By: Lian Eytinge
June 7 was our last day at the Meiji University Lake Yamanaka Seminar House. After a delicious breakfast, we talked with the Meiji students in the classroom. This was a really important talk for me because we mainly focused on Japanese and American perceptions of each other.
Since my research topic concerns foreign and domestic perceptions of Japan in an international stage based on current Japanese pop culture, I think that both the Meiji students and our perceptions were very interesting to hear about, especially after spending three days together. One of the most interesting findings was learning that Japanese students didn’t have experience in participating in discussion-based presentations and even in this ideally safe space, most students were reluctant to join in the conversation unless an individual was prompted by another speaker. This was very interesting to me because I come from a different kind of mindset derived from the culture I grew up in. In my mind if I were in their positions I would see this discussion and presentation style as an opportunity to try out a different learning style. However when I try to look at it from a cultural perspective different from my own, I see how even speaking up in this situation is akin to talking to the teacher after class, or raising attention to yourself, which could make you stick out within the group setting in Japan.

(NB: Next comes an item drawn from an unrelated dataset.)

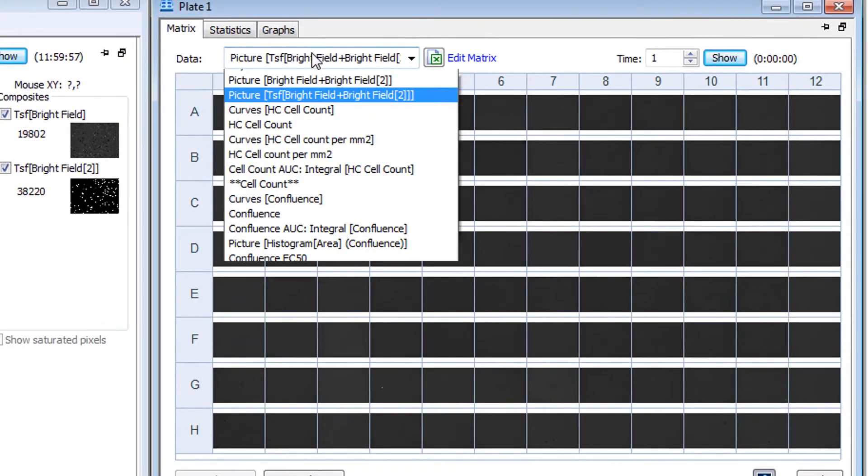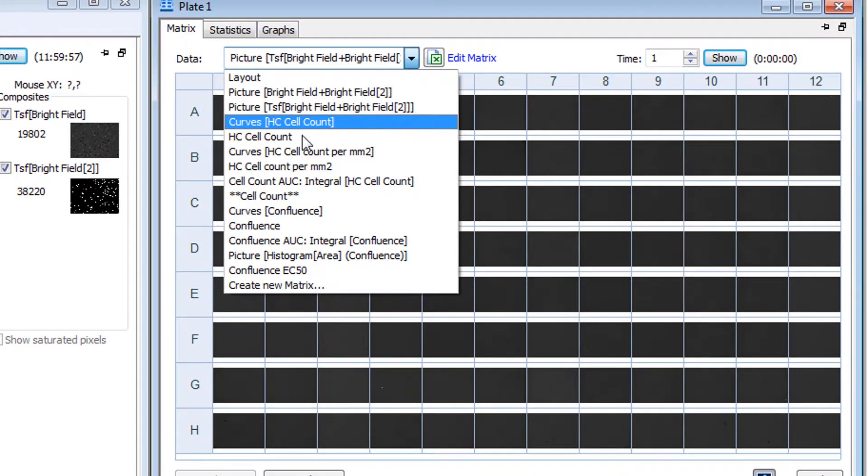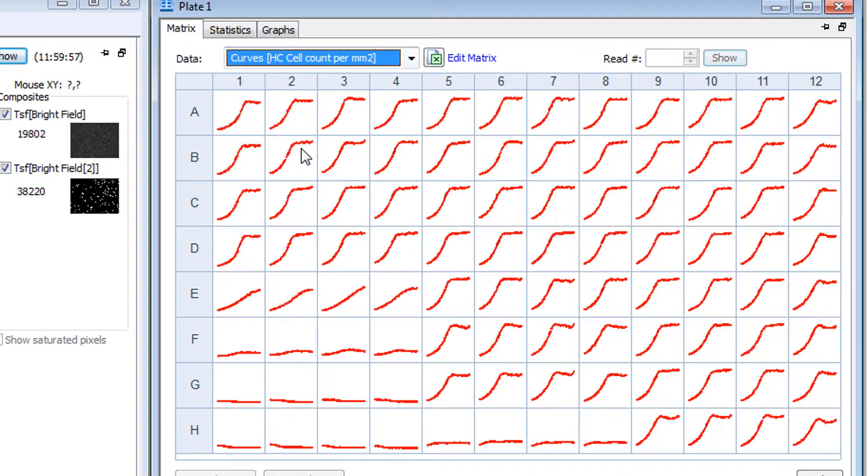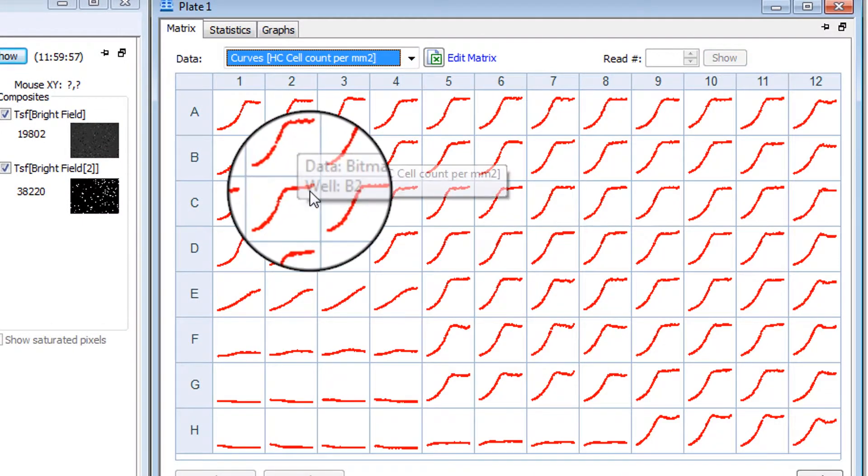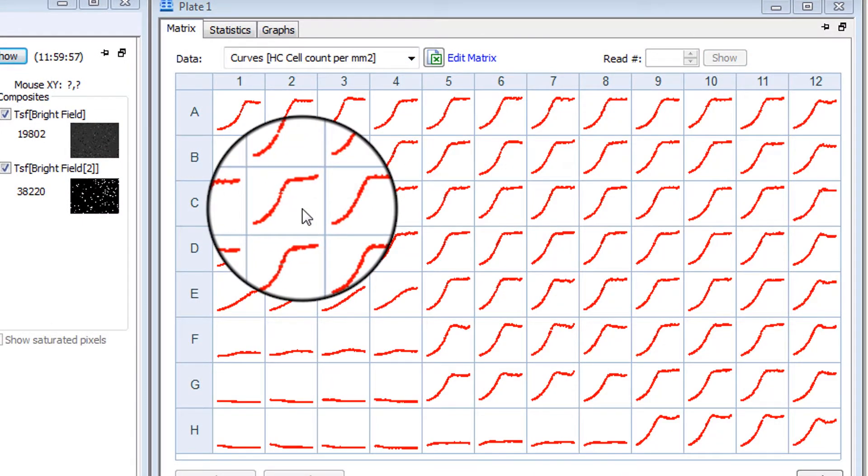With analysis complete, the cell count and other data is ready for the next step in your workflow.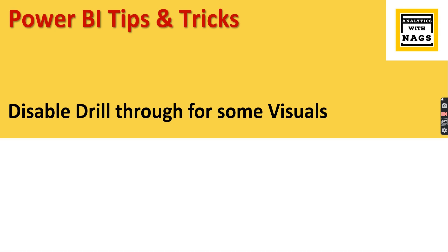Welcome to Analytics with Nags. In this video I'm going to give you one quick trick on how to disable drill through for some visuals. If you are not aware what I'm speaking about, you have a drill through report.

This kind of Japanese student mindset got me thinking about Japanese schools and how different they are from American ones. A couple of days ago, during the Lake Yamanaka retreat, I was talking with a second year Meiji student named Noriko. She really helped me a lot in understanding what kind of information is taught at a Japanese school. I asked her about her opinions on current Japanese Prime Minister Abe’s controversial interpretation on Article 9 of the Japanese Constitution and her views were very moderate and thoughtful. I was happy to hear that she learned of this issue in her public high school. I think it’s really great that they discuss current issues and allow the students to come up with their own opinions. This also tells me that like most other things, current conflicts are introduced within schools and ideas the government wants are affirmed through popular culture.
Going back to the day’s final wrap-up discussion, I think it was interesting how out of all of the aspects of Japanese foreigners the USC students brought up through presentation, the only one that the Meiji students really responded to was about education. This made sense because as students, they are very familiar with the Japanese education system, however it was strange to me to see how unresponsive they were to aspects of Japanese popular culture. I believed that since the students were also consumers of popular culture they would be comfortable discussing that as well but they weren’t. This has taught me that even though popular culture is around them and they are familiar with it, the kind of culture each individual likes is different from that of another, unlike the education system, in which every student goes through with generally the same experience.
Overall I thought the discussion was worthwhile however I felt like there should have been a more conclusive ending. While we had a list on the board of generalizations made of both cultures, there was no greater meaning behind those differences. I thought that instead of leaving everyone feeling separated and differentiated by culture, we could instead conclude that even though there are definite general differences, those differences have cultural counterparts, like what Pico Iyer said in his book, The Lady and the Monk.